WORK TASK ->
Bring together all lines from the listing below that contain the string "Toyota".

RECORDS FOR THE EXERCISE ->

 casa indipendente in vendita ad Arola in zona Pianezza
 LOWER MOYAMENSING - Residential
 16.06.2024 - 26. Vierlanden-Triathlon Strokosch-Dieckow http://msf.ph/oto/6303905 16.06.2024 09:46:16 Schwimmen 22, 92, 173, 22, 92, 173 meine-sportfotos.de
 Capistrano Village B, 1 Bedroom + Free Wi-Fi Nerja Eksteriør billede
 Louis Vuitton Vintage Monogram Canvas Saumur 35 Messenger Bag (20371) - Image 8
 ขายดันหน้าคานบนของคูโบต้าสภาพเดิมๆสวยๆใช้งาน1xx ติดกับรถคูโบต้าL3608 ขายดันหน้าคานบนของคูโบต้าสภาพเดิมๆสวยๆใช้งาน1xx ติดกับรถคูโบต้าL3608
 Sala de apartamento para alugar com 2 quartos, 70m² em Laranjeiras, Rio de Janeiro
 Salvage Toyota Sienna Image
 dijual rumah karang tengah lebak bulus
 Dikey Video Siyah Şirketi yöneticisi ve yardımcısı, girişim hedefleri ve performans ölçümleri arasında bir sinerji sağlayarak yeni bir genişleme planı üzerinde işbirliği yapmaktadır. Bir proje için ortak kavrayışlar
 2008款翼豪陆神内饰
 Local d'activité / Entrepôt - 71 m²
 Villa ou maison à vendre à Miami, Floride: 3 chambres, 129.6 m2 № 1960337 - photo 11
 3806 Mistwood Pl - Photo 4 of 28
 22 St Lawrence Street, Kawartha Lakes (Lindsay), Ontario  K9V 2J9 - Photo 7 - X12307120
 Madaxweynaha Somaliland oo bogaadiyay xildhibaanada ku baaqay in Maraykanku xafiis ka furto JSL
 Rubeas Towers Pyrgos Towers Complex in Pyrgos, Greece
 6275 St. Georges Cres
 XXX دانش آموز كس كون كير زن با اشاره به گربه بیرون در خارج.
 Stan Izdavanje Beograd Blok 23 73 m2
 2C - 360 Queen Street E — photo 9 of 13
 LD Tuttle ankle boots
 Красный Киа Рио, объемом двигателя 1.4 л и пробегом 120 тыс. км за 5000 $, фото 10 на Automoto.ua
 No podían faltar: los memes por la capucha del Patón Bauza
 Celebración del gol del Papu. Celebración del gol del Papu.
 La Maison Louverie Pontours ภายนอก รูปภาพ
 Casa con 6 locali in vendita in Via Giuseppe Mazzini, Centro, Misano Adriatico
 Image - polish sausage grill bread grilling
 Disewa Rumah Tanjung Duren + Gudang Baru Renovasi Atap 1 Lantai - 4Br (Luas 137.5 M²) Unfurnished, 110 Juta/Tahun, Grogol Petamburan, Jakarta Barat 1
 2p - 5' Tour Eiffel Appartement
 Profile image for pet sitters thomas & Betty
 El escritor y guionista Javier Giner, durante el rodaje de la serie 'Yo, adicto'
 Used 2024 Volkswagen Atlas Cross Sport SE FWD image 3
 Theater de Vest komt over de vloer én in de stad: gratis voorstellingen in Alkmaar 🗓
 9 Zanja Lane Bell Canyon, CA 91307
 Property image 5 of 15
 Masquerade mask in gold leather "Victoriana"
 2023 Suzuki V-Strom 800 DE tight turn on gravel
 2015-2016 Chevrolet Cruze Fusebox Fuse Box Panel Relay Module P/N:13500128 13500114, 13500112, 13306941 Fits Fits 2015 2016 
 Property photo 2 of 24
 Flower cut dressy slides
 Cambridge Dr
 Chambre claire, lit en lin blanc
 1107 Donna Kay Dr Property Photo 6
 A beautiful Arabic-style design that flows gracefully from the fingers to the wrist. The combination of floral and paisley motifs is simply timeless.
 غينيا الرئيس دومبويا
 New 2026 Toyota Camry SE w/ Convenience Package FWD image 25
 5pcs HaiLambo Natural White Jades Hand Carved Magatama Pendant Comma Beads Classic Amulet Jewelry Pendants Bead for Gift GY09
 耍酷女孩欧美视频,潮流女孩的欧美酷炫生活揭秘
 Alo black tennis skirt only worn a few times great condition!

SOLVED PROBLEM ->
 Salvage Toyota Sienna Image
 New 2026 Toyota Camry SE w/ Convenience Package FWD image 25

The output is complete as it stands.